What the task requires – Below, find the line containing "Distressed rubber stamp" and the line containing "Advertentie voor Tilex"; reproduce exactly those two and every line between them, omitting pictures.

Source data –
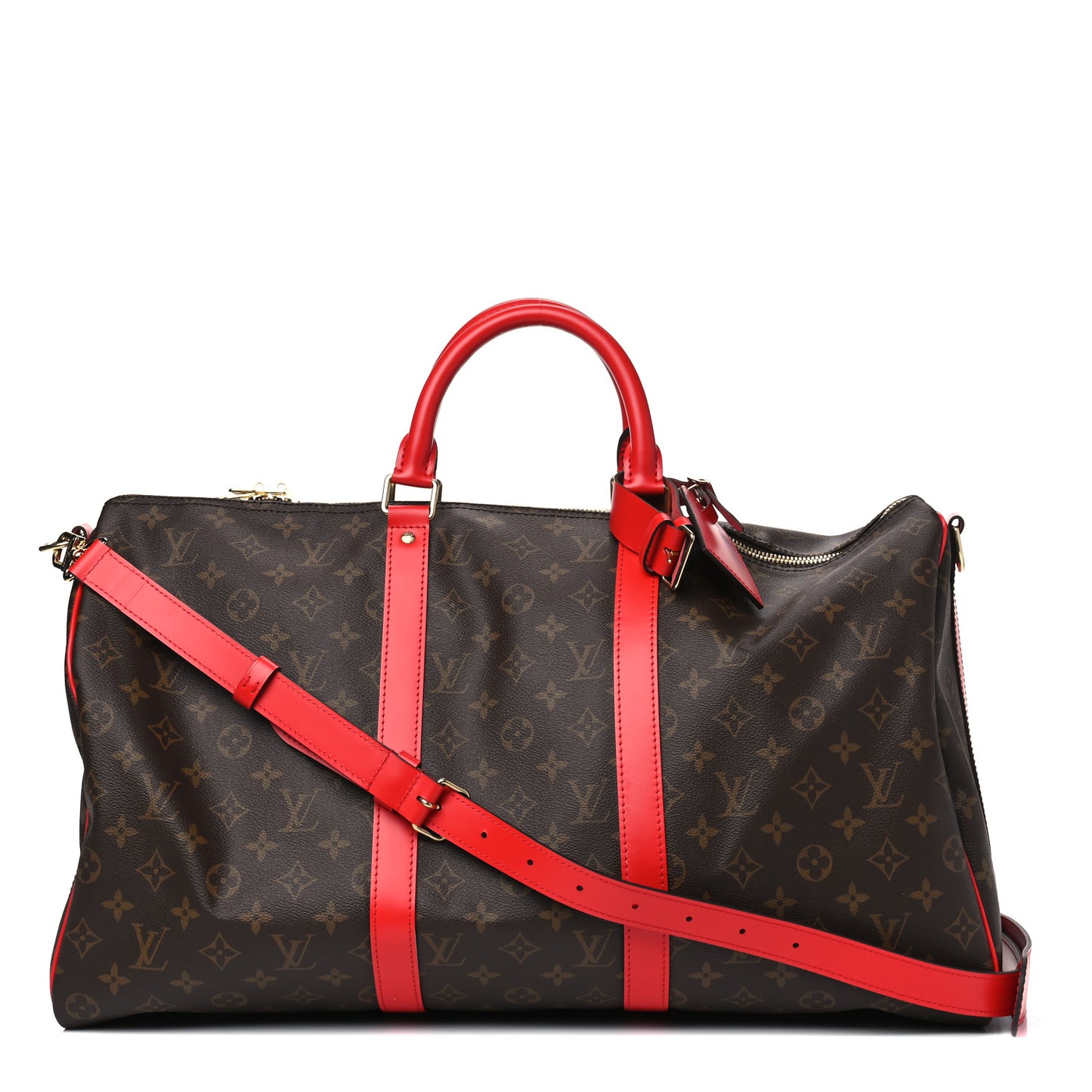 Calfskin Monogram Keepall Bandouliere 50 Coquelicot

--

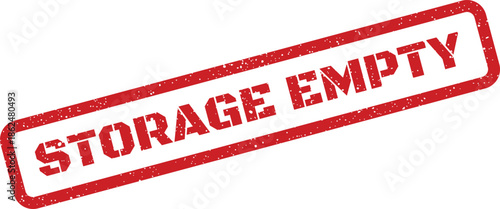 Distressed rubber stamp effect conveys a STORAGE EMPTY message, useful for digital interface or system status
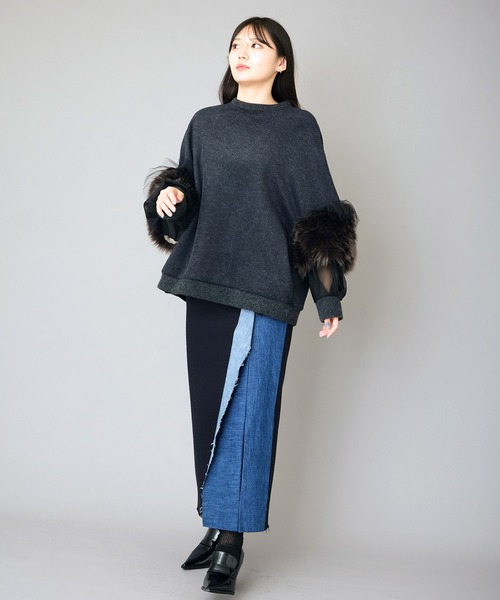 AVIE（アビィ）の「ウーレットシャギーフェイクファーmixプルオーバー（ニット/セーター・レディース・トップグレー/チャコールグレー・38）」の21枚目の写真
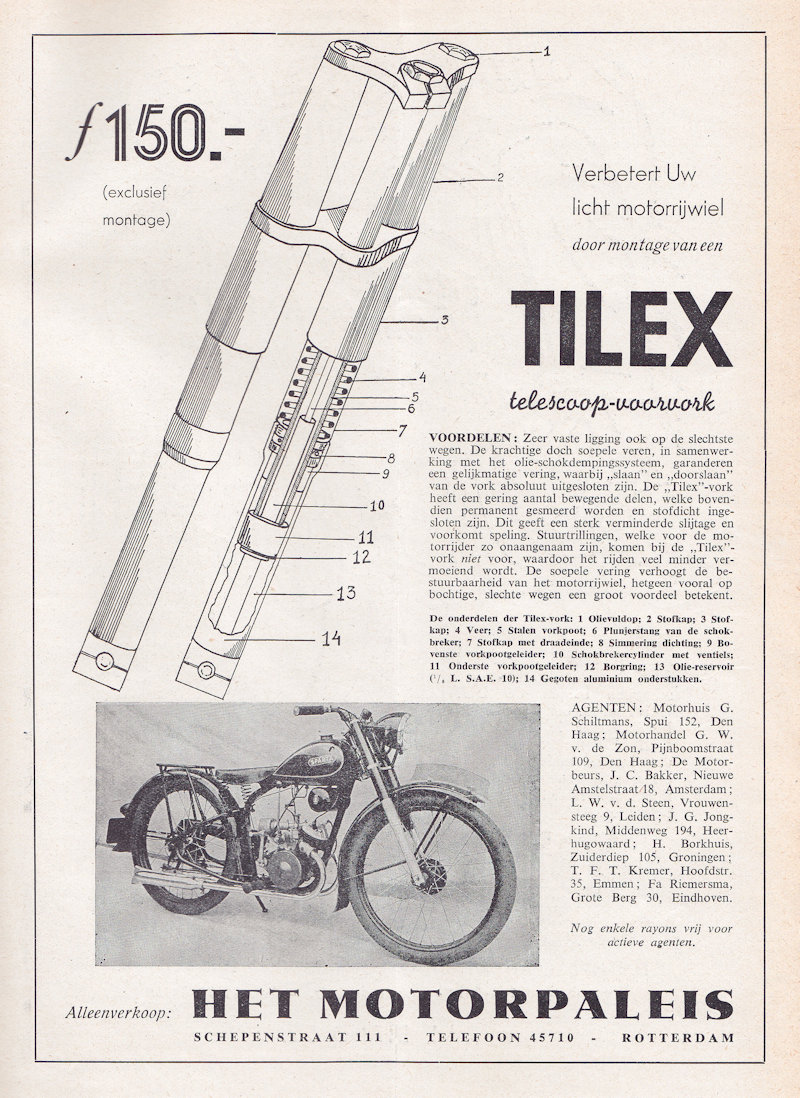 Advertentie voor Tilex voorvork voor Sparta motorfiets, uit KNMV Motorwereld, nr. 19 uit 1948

Answer below –
 Distressed rubber stamp effect conveys a STORAGE EMPTY message, useful for digital interface or system status
 AVIE（アビィ）の「ウーレットシャギーフェイクファーmixプルオーバー（ニット/セーター・レディース・トップグレー/チャコールグレー・38）」の21枚目の写真
 Advertentie voor Tilex voorvork voor Sparta motorfiets, uit KNMV Motorwereld, nr. 19 uit 1948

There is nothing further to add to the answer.